By Thomas Escritt and James Macharia
AMSTERDAM/NAIROBI (Reuters) – The International Criminal Court (ICC) on Thursday cleared the way for the trial of four Kenyans accused of being behind the violence which erupted after elections in December 2007.
Uhuru Kenyatta, Kenya’s former finance minister and presidential hopeful and three others, have denied the charges and claimed the court did not have the right to try them.
The four must now stand trial over accusations of being behind the violence that killed at least 1,220 people. There was no immediate reaction from the accused or their lawyers.
Analysts said the decision will be a test to the Kenyan government on whether it will cooperate with the war crimes court, and will also impact on the upcoming polls in a country where a political elite has long been considered above the law.
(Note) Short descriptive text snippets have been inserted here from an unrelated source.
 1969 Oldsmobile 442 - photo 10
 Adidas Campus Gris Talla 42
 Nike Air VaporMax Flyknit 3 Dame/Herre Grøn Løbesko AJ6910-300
“It was inevitable … Now it’s down to the government to behave with decorum and common sense and not play fast and loose with the national interest. It is our government’s reaction which is key now,” independent analyst Aly Khan Satchu said.
“One part of the government has been on a wild goose chase for eternity (to block the Hague trials), why should they stop now?”
Kenya insists it will cooperate with the ICC, and the suspects have said they will comply with the court, but the government is critical of the war crimes court and supportive of the Sudanese president who has avoided an ICC arrest warrant.